6. Al-Sisis Katzenmusik: Kult-Kapelle spielte kreuzfalsch
Fremde Nationalhymnen werden nicht sehr oft gespielt: höchstens bei Fussballspielen, Nationalfeiertagen oder bei Staatsempfängen. Vielleicht war die Militärkapelle von Abdel Fattah al-Sisi 2015 auch einfach mit Wichtigerem beschäftigt, als die russische Nationalhymne für den Empfang von Putin zu üben – so kreuzfalsch wie die geklungen hat.
Auch Angela Merkel und François Hollande kamen in den «Genuss» der Kapelle. Das Blasorchester ist jedenfalls seither sehr beliebt auf Youtube.
Der bekannte ägyptische Blogger Big Pharao erklärte es einer deutschen Tageszeitung gegenüber so: «Wahrscheinlich ist es sein (al-Sisis) Weg, allen zu zeigen, dass er den Ton angibt, und alle anderen am besten nichts dazu sagen.»
6. Musik wie das Rattern der Waffen: Jimis Statement
Sie ist der Klassiker unter den Hymnenbearbeitungen: Jimi Hendrix’ Version der US-amerikanischen Nationalhymne. Mit seiner Gitarre zerfetzt er «The Star Spangled Banner» 1969 in Woodstock.

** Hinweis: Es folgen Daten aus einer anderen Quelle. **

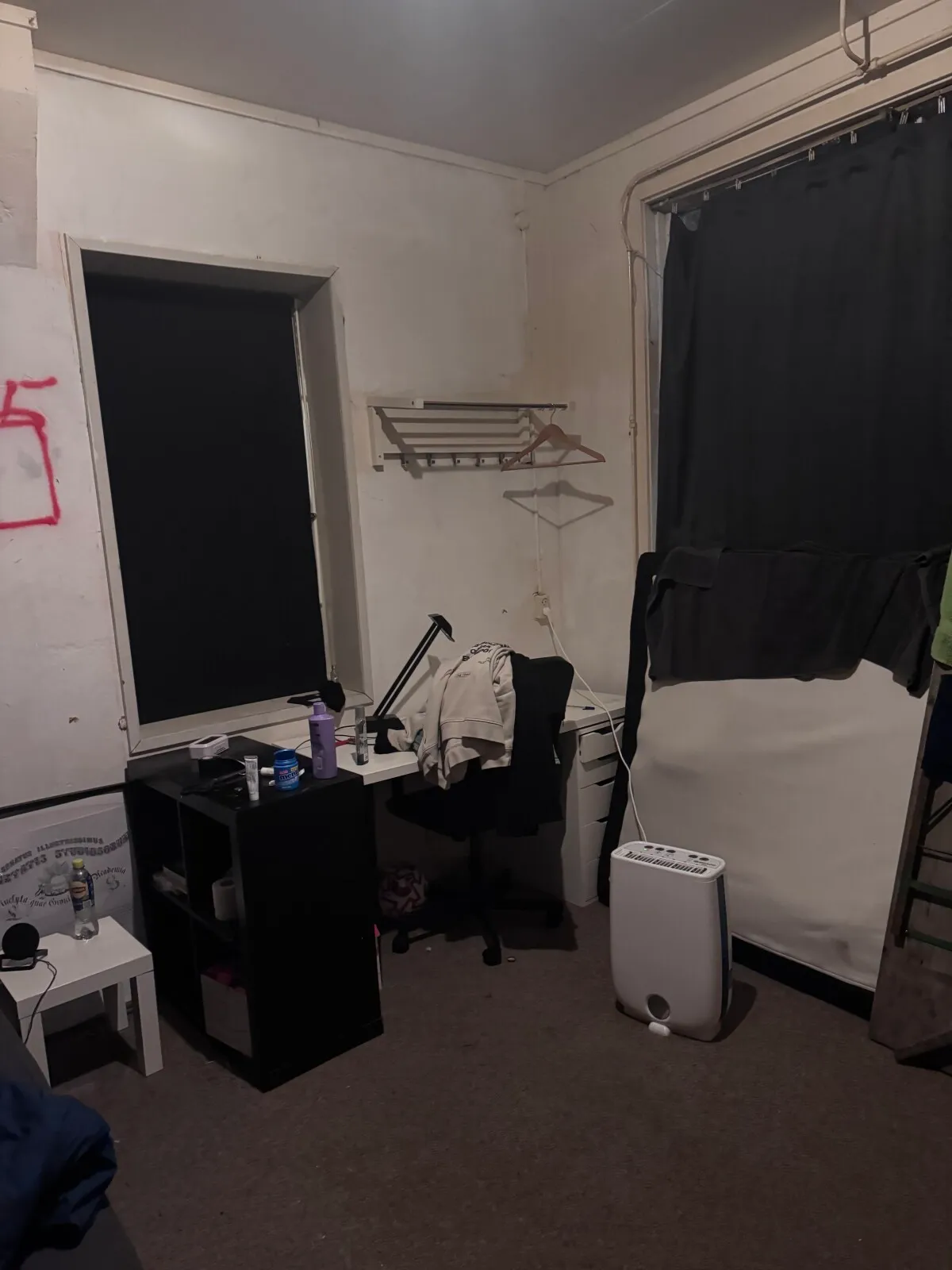 Foto #2 Kamer Boterdiep Groningen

Bei ihm klingt sie nach Maschinengewehren, Fliegerangriffen und explodierenden Bomben. Das war sein musikalisches Statement gegen den Vietnamkrieg. Für US-amerikanische Patrioten ein Skandal.
7. Ein Hauch Jamaika: Serge Gainsbourgs Reggae-Hymne
Jimi Hendrix ist nicht der einzige, der seine politische Meinung mit der Nationalhymne kundgetan hat. Serge Gainsbourg hat’s auch getan: 1979 mit einer Reggae-Version der Marseillaise.
Gainsbourg erhielt Morddrohungen von Kriegsveteranen, und die französische Tageszeitung «Le Figaro» forderte seine Ausbürgerung. Nicht nur wegen des jamaikanischen Touchs, sondern auch, weil er den Text geändert hat: aus «Aux armes les citoyens» machte er «Aux armes et cetera».